My colleagues are finalizing the preparations for a two-day brainstorming session on the future of European aid. It is a good occasion to open the floor to its participants (and beyond: as always anyone should feel free to join in!) to reflect on the way Europeans envisage their development policy: what is it for? How should we go about it? Here are a few initial thoughts.Europe is a giant of development assistance. Combining funds from member states and the Community, EU aid totaled 46 billion Euros in 2007, making it by far the largest contributor to this global endeavor. This amount equates to 93 Euros per capita, compared to 53 and 44 Euros per capita donated by the United States and Japan, respectively.
At a time when European public opinion is focused on the effects of the financial crisis on its purchasing power, some question the purpose of international solidarity. European Commissioner Louis Michel recently shared his fears in the columns of this blog: temptation is strong for Europe to disengage from this policy.
Yet Europe has many reasons to be proud of its development activities. Official Development Assistance (ODA) serves a humanistic purpose: providing support to the poorest meets an ethical objective of justice and solidarity, one which arguably lies at the core of European values. As some people and countries benefit more than others from the global marketplace that has emerged over the last decades, the wealth gap between rich and poor continues to widen. In an era of instantaneous images, we all witness this “global social divide.”
These increasingly visible and thus intolerable inequalities fuel growing tensions, as exemplified by last year’s food riots. Beyond its humanistic purpose, international aid therefore also responds to the need to mitigate some of the risks linked to globalization and the collective perception of insecurity. In this new world of ours, the notion of “neighbor” is redefined. The history of the European Union provides an excellent example: economic integration has gone hand in hand with the creation of mechanisms that foster solidarity between neighbors. Just as it previously was in Europe’s interest to promote growth in its weakest regions, it is today in its interest to promote the convergence of Mediterranean and African economies with its own.
Yet in today’s world, Europe’s neighborhood goes far beyond its immediate periphery: recent events prove that most crises ignore distances. The recent financial, environmental or sanitary crises show that deficiencies of regulation in some countries can quickly turn into domestic problems for the others. The developing world plays a central role in global disturbances: though poorer countries are sometimes at their origin, they are often also their first victims, and always are a key element to their resolution. To cite but one example, fighting climate change effectively will call for countries such as Indonesia, Brazil or Congo to protect the lungs of our planet. By sharing the costs of these efforts, European ODA can enhance vital collective action with countries of the South for the preservation of global public goods.
Aid therefore lies at the crossroads of the interests of donors and beneficiaries; compassion combined with a well-understood mutual interest. In fact European aid is gradually moving beyond a merely compassionate conception of aid toward a more systemic and ambitious vision, i.e. managing a common global space, one where each person’s destiny is linked to the destiny of all. Today more than ever, Europe must uphold its value of solidarity and its willingness to work toward international regulation: such is the (modest!) price to pay to avoid a costly backlash of globalization.

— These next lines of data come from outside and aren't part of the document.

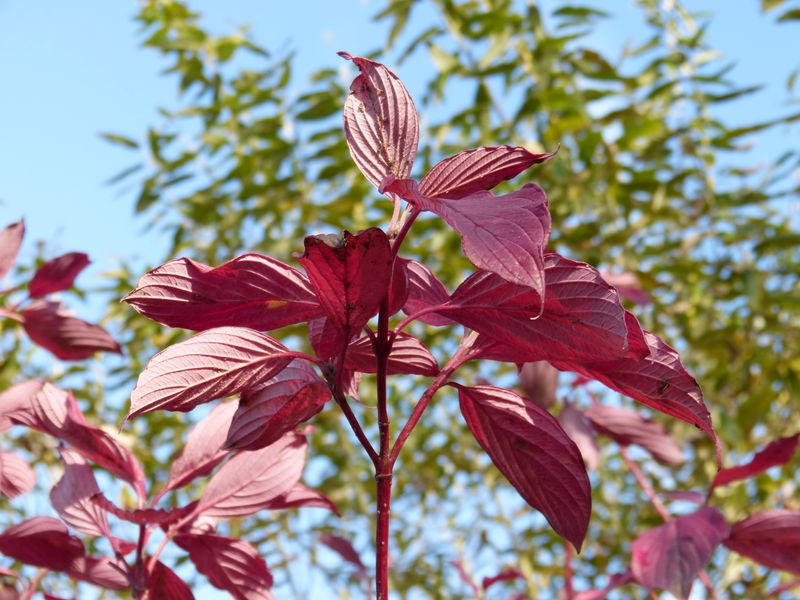 2014-11-02 Herbstärber 2 - C. sibirica alba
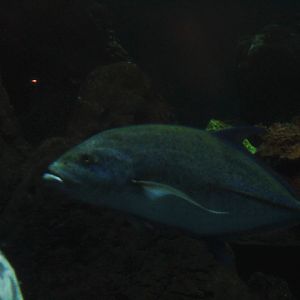 Bluefin trevally (Caranx melampygus)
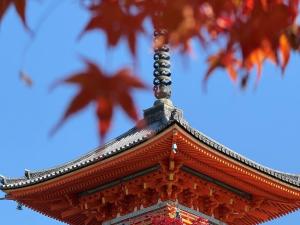Kiyomizu Dera Temple in Japan, taken by Xizi Wang (2024)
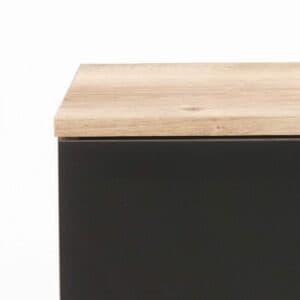 Wimex Easy Plus Plankeneiche Nachbildung/Glas grau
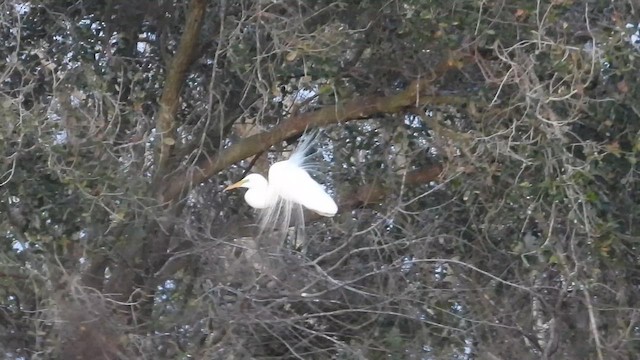 Great Egret - ML651837580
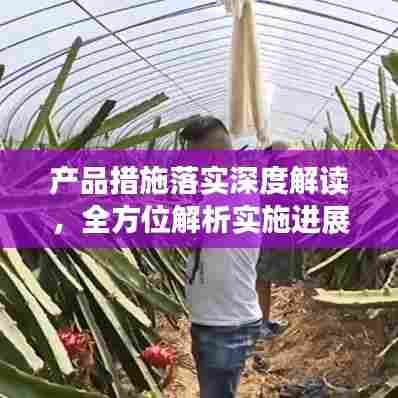 产品措施落实深度解读,全方位解析实施进展与成效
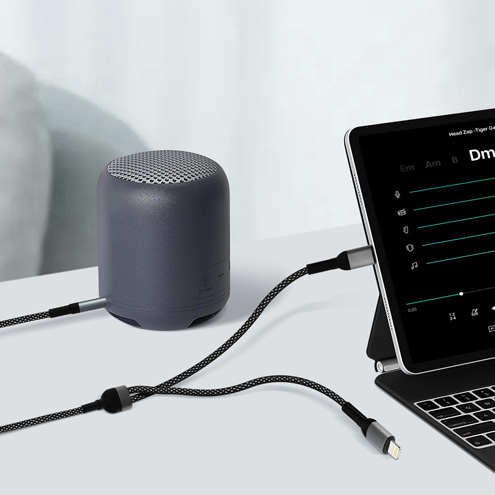 Câble adaptateur USB-C + Lightning vers Jack 3.5mm, LinQ - Noir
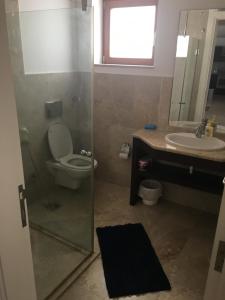 ein Bad mit einem WC, einem Waschbecken und einer Dusche in der Unterkunft Apartment in Jebel Sifah in As Sīfah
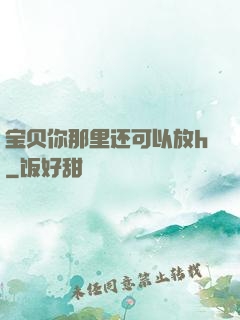 宝贝你那里还可以放h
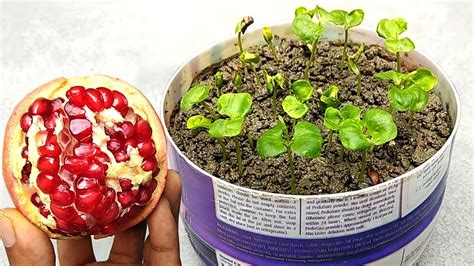 They are often very short lived, but their colours include white, yellow, red, magenta and just about every other colour blend you can imagine. How to grow pomegranate plants easily , Grow at home - YouTube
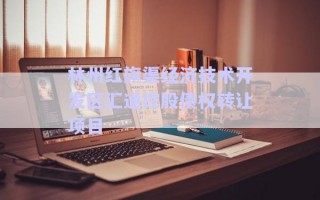 林州紅旗渠經(jīng)濟(jì)技術(shù)開發(fā)區(qū)匯通控股債權(quán)轉(zhuǎn)讓項目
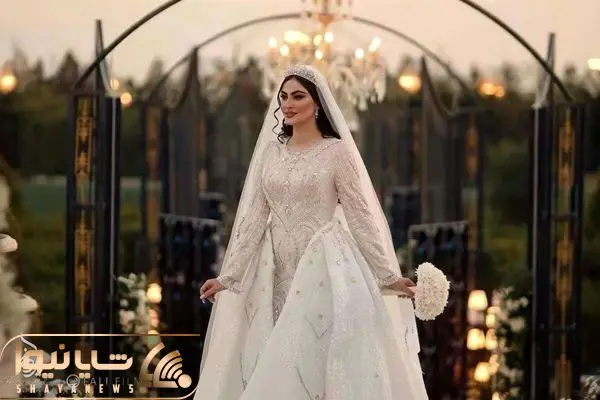 Wp Header Logo 3962.png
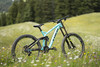 Trek Session 88 photo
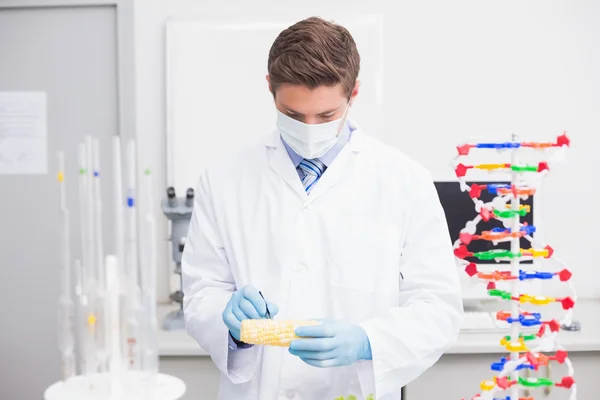 Cientista examinando milho — Fotografia de Stock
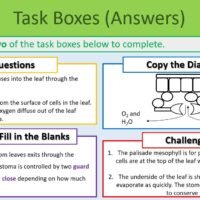 Task Boxes exercise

But fighting for a more inclusive global marketplace and protecting global public goods calls for coordinated strategies. This is no easy task, given the continuing proliferation of actors in the ‘market for aid’ – who all have their own agendas. Donald Kaberuka touched upon this complex issue in his first post last year. The advantage is that Europeans can start learning together, and devise an architecture for their common aid policy that will build strategic coherence while preserving the invaluable diversity of member states’ aid institutions. My intuition is that collaborative instruments such as the Neighborhood Investment Facility, the Africa Investment Facility or the European Financing Partners mechanism between European DFIs are promising tools to do this, as they gradually build coherence between donors by giving EU member states incentives to work together, rather than falling prey to the sirens of Goslplan-like coordination. They also associate recipient countries much more thoroughly to the policy choices than traditional aid instruments.
But I should go no further at this stage… The seminar I will attend later this week is meant to reflect on how to go about EU coordination. I will therefore leave the floor for all who wish to share their ideas about where European aid should aim to go, and what are the best ways to build a coherent and dynamic aid practice. I will also fill you in on some of the most promising ideas I take away from what is likely to be a fascinating brainstorming session.